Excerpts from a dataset

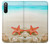 S3212 Coquilles de mer Étoile de mer Plage Etui Coque Housse pour Sony Xperia 10 III Lite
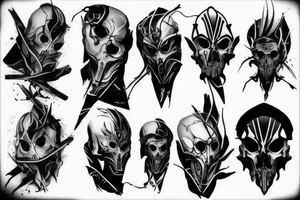 Dishonored theme tattoo idea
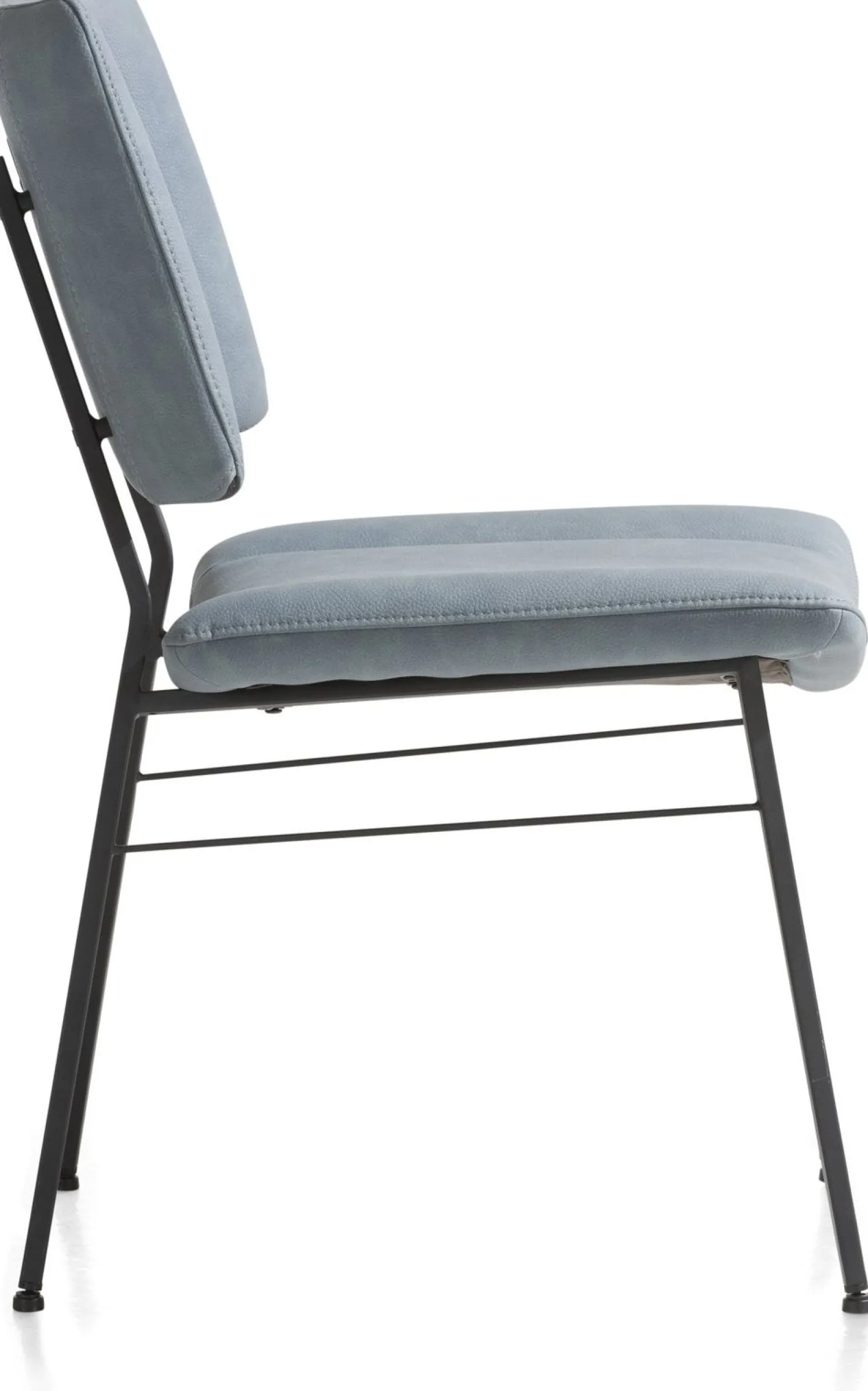 Eetkamerstoelen Zonder Armleuning-XOOON Tatum Pala Eetkamerstoel Skyblue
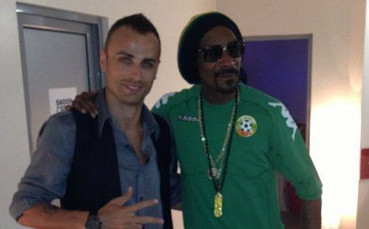 СНИМКИ: Димитър Бербатов с легендарния Snoop Dogg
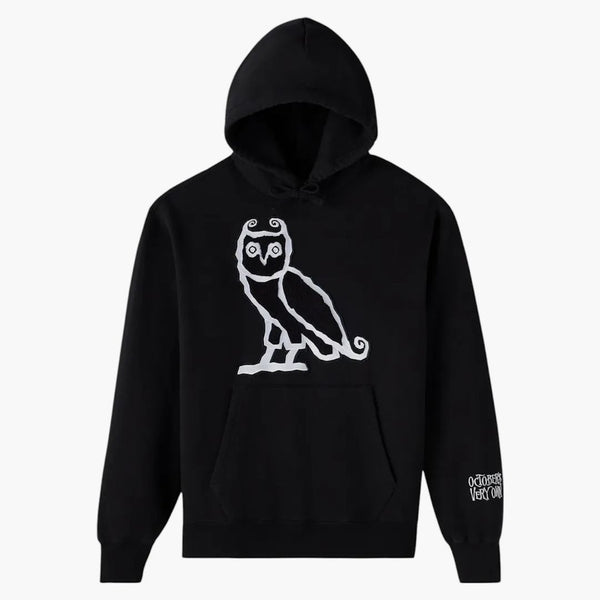 Ovo X Disney The Nightmare Before Christmas Og Owl Hoodie Black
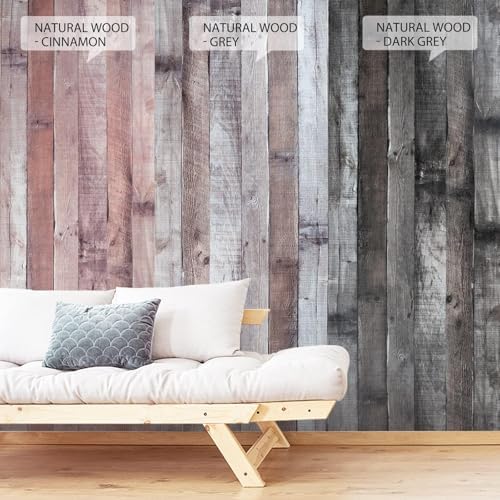 Yun-aeon Natural Wood-Dark Grey Contact Paper Peel and Stick Wallpaper - Image 3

#### [What the exercise asks]
All lines from the one containing "Eetkamerstoelen Zonder Armleuning-XOOON" to the last line of the records above, and no others, should be returned unchanged, without pictures.

#### [Answer to the exercise]
 Eetkamerstoelen Zonder Armleuning-XOOON Tatum Pala Eetkamerstoel Skyblue
 СНИМКИ: Димитър Бербатов с легендарния Snoop Dogg
 Ovo X Disney The Nightmare Before Christmas Og Owl Hoodie Black
 Yun-aeon Natural Wood-Dark Grey Contact Paper Peel and Stick Wallpaper - Image 3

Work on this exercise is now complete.